■ Supplied information ■
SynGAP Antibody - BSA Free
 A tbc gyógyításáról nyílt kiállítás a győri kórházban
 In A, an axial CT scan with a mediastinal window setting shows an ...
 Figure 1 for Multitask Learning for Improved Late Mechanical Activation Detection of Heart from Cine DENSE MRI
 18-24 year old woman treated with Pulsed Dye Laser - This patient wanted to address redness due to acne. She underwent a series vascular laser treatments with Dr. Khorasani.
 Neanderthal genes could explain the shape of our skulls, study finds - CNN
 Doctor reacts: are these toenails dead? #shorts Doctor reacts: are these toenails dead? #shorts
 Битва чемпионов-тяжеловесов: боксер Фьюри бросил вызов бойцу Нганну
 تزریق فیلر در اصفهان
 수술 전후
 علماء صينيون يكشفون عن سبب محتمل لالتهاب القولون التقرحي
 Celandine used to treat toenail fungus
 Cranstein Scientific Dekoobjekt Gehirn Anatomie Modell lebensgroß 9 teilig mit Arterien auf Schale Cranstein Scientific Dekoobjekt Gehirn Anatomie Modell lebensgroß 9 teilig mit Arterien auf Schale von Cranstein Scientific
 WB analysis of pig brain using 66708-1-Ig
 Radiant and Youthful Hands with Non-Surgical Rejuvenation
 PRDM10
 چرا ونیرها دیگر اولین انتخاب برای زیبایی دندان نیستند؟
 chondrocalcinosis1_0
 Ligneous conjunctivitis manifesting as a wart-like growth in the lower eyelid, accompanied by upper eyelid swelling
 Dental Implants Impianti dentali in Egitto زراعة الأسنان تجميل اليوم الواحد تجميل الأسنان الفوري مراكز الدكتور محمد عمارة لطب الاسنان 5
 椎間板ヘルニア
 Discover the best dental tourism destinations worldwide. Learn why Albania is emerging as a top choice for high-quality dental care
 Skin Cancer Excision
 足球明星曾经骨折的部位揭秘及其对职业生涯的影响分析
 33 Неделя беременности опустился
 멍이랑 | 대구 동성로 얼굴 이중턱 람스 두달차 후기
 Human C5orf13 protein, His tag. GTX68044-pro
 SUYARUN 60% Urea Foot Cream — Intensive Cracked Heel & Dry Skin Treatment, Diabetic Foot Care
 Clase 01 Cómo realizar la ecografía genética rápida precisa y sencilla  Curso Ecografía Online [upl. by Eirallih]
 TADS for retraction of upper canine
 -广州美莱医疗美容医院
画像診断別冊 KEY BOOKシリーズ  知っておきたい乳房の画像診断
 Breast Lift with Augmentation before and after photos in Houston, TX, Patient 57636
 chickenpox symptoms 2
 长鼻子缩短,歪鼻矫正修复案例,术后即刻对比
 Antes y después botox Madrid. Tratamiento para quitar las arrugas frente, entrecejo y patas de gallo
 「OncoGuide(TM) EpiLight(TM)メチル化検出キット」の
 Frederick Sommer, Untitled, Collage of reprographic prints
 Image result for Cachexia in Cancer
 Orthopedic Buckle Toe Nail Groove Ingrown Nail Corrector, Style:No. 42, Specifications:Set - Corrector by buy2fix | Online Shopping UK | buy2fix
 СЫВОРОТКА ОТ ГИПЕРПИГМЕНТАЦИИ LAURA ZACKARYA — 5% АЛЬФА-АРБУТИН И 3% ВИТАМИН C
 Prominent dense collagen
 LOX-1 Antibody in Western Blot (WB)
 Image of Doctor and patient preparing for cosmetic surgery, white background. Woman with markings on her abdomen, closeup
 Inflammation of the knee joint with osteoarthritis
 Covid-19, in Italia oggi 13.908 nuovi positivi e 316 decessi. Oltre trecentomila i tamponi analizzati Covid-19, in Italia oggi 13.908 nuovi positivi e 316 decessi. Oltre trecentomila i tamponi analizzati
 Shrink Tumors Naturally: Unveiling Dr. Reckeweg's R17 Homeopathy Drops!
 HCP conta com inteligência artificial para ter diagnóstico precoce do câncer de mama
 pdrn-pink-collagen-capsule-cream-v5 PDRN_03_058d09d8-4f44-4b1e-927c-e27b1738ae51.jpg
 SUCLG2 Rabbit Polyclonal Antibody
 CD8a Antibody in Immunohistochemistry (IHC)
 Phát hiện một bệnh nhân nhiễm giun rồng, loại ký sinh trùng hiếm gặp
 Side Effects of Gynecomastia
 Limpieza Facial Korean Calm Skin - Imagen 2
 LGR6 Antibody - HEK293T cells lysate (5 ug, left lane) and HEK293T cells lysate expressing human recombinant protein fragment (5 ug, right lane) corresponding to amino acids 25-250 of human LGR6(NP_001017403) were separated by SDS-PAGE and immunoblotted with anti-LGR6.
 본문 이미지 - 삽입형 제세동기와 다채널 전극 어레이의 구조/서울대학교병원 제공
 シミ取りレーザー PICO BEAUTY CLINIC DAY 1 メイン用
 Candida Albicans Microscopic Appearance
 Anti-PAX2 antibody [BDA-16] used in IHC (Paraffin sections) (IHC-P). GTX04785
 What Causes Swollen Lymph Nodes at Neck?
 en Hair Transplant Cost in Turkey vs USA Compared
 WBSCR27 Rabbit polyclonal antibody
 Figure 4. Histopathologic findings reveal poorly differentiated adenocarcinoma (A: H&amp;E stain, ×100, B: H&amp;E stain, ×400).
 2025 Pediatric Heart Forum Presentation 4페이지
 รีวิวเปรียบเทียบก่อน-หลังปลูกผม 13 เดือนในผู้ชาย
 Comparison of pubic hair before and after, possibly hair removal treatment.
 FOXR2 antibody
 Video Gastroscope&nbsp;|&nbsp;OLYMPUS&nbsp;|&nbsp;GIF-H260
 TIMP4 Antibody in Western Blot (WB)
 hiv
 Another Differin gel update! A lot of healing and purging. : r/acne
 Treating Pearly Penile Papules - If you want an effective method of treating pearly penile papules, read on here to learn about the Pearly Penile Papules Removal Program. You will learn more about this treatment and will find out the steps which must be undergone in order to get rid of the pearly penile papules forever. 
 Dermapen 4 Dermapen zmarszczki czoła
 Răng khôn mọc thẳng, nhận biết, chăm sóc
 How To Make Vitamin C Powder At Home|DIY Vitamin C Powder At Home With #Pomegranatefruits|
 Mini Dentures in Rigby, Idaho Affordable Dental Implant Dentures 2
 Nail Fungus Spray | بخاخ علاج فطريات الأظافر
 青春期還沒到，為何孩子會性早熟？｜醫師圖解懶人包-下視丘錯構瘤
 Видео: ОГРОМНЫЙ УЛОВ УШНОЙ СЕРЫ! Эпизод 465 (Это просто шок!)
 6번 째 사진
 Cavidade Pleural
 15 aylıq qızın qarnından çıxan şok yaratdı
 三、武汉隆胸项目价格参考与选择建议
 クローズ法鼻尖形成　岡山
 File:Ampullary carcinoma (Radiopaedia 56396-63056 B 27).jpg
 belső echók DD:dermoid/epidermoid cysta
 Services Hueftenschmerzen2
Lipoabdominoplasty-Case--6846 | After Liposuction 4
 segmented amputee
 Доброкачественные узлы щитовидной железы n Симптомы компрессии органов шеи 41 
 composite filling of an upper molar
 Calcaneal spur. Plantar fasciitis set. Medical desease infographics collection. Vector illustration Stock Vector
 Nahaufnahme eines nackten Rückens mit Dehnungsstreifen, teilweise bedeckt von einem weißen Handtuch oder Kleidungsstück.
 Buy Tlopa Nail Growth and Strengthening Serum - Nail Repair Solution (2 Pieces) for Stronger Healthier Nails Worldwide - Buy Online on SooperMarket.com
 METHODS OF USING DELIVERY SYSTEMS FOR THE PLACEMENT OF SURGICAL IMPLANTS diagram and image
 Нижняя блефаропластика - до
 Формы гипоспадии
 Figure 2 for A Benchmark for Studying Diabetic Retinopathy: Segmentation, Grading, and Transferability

■ What is required ■
Show every line of the material above in which "Figure" is present.

■ Result of this task ■
 Figure 1 for Multitask Learning for Improved Late Mechanical Activation Detection of Heart from Cine DENSE MRI
 Figure 4. Histopathologic findings reveal poorly differentiated adenocarcinoma (A: H&amp;E stain, ×100, B: H&amp;E stain, ×400).
 Figure 2 for A Benchmark for Studying Diabetic Retinopathy: Segmentation, Grading, and Transferability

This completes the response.